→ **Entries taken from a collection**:
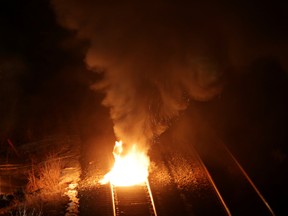 A fire from a lit tire burns on train tracks just after the first Canadian National Railway freight train passed through the Tyendinaga Mohawk Territory in weeks, following a police raid earlier in the day in Tyendinaga, Ont., on Feb. 24.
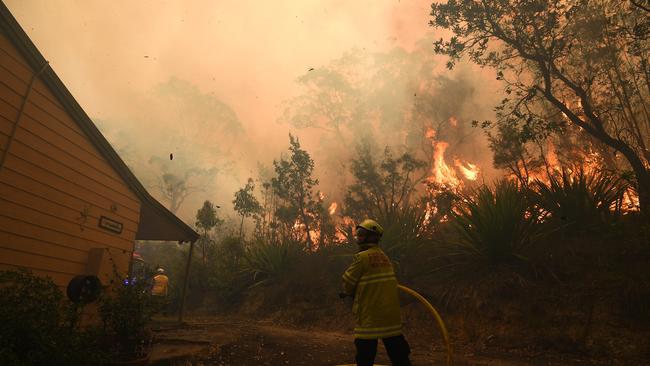 NSW Rural Fire Service and Fire and Rescue NSW crews work to protect a property on Kyola Road in Kulnura. Picture: AAP/Dan Himbrechts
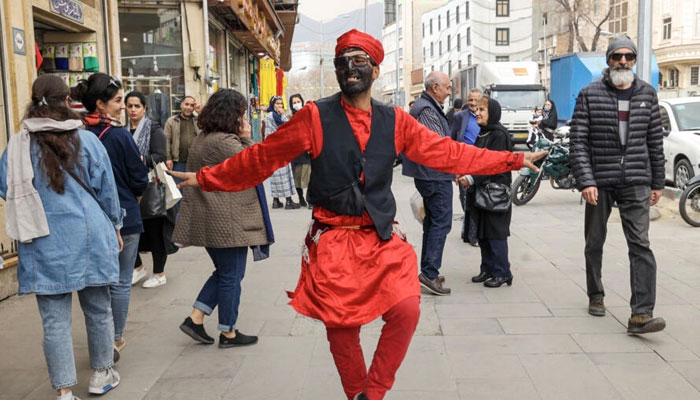 An Iranian man dressed as the fictional folklore character Hajji Firuz performs on at a street in Tehran ahead of the Nowruz New Year festival. — AFP/File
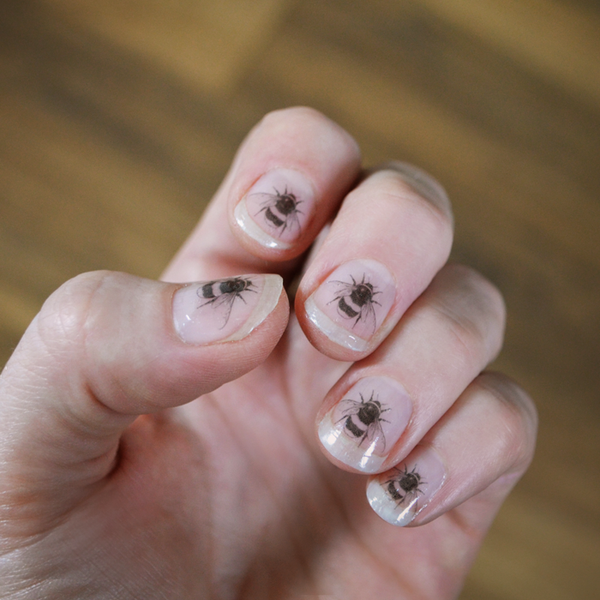 Set of 12 mini Bumble bee nail decal transfers.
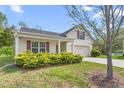 Welcoming single-story home featuring a spacious driveway, manicured landscaping, and charming architectural details at 223 Triumph Dr, Elon, NC 27244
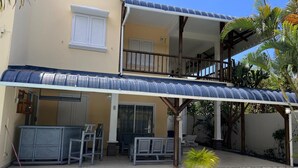 A two-story house with a covered patio, a swimming pool, and outdoor furniture. - Salty Chateau: Private Exquisite Mauritian Getaway (Cap Malheureux)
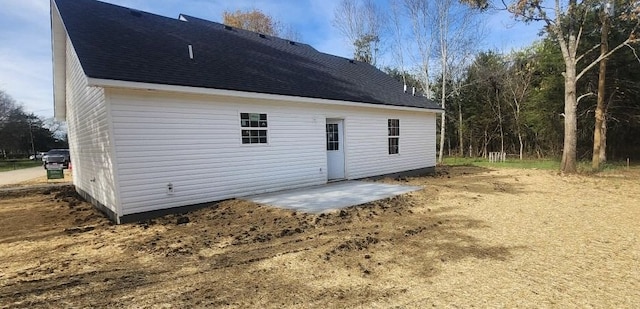 back of property with a patio area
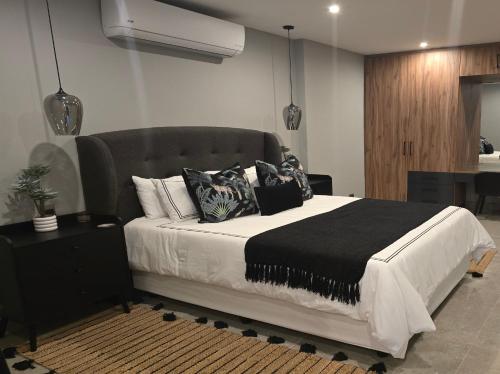 a bedroom with a large bed with pillows on it at Crane's Nest - Luxury Ground in Pretoria
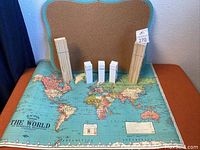 Photo showing scalloped cork bulletin board with teal frame standing behind a large vintage world map lying flat, with multiple bundles of natural and white wooden craft clothes pins arranged on the map.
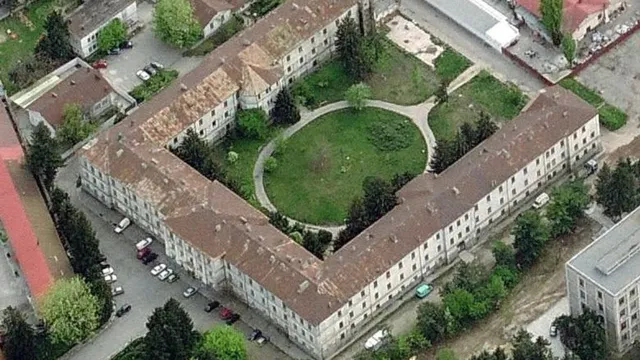 O vedere aeriană prezintă un complex de clădiri cu acoperișuri maronii dispuse în formă de U, înconjurând o curte verde cu alei.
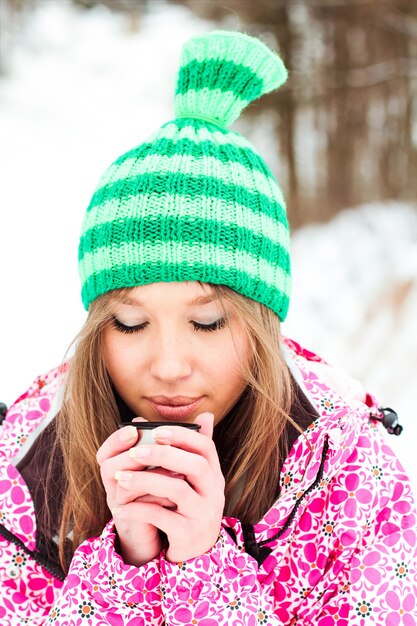 Jeune belle fille souriante dans une veste cramoisie et un chapeau vert buvant du thé chaud à partir d&#39;un thermos dans des montagnes enneigées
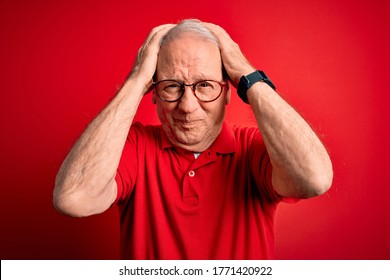 Grey haired senior man wearing glasses and casual t-shirt over red background suffering from headache desperate and stressed because pain and migraine. Hands on head.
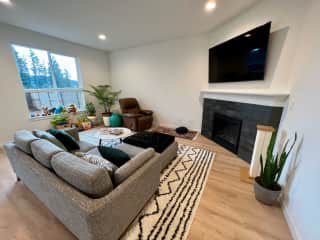 Open living space with tree-lined views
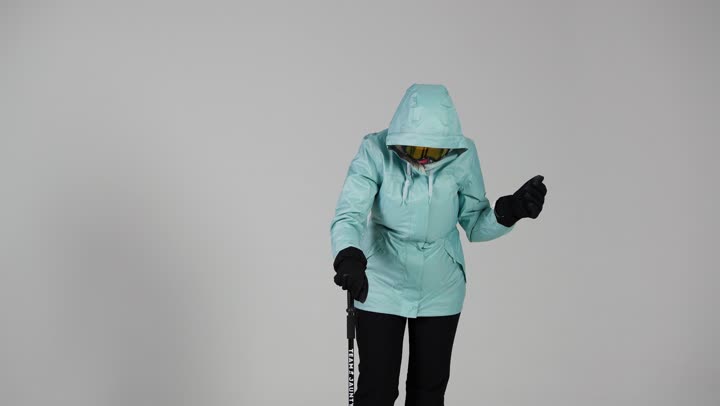 المشي على الجليد بصعوبة , امرأة عربية خليجية سعودية ترتدي ملابس التزلج على الجليد , الاستناد على العصا لسهولة الحركة و التوازن , امرأة اماراتية , انشطة شتوية باردة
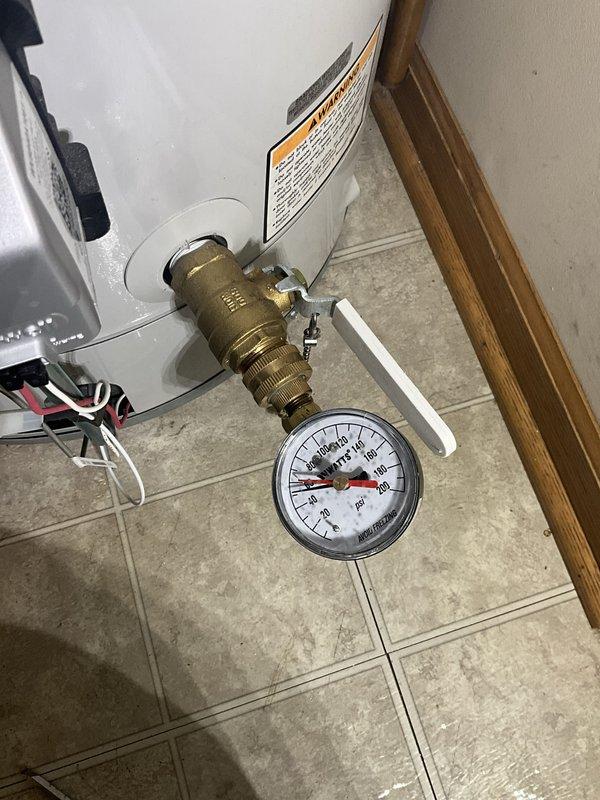 Completed comprehensive plumbing inspection and tune-up maintenance service at residential property. Inspected water heater assembly including pressure relief valve, temperature and pressure gauge reading within normal operating range (0-160 psi scale), brass valve connections, and copper supply line configuration. All plumbing components, fittings, and connections examined and found to be in proper working condition with no visible leaks, corrosion, or safety concerns identified. Documentation photos captured for service records.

→ **The task**: Take the line containing "back of property with a patio area" as the first line and the last line of the data above as the final one, and output exactly the lines between them, inclusive, with no pictures.

→ **Result below**:
 back of property with a patio area
 a bedroom with a large bed with pillows on it at Crane's Nest - Luxury Ground in Pretoria
 Photo showing scalloped cork bulletin board with teal frame standing behind a large vintage world map lying flat, with multiple bundles of natural and white wooden craft clothes pins arranged on the map.
 O vedere aeriană prezintă un complex de clădiri cu acoperișuri maronii dispuse în formă de U, înconjurând o curte verde cu alei.
 Jeune belle fille souriante dans une veste cramoisie et un chapeau vert buvant du thé chaud à partir d&#39;un thermos dans des montagnes enneigées
 Grey haired senior man wearing glasses and casual t-shirt over red background suffering from headache desperate and stressed because pain and migraine. Hands on head.
 Open living space with tree-lined views
 المشي على الجليد بصعوبة , امرأة عربية خليجية سعودية ترتدي ملابس التزلج على الجليد , الاستناد على العصا لسهولة الحركة و التوازن , امرأة اماراتية , انشطة شتوية باردة
 Completed comprehensive plumbing inspection and tune-up maintenance service at residential property. Inspected water heater assembly including pressure relief valve, temperature and pressure gauge reading within normal operating range (0-160 psi scale), brass valve connections, and copper supply line configuration. All plumbing components, fittings, and connections examined and found to be in proper working condition with no visible leaks, corrosion, or safety concerns identified. Documentation photos captured for service records.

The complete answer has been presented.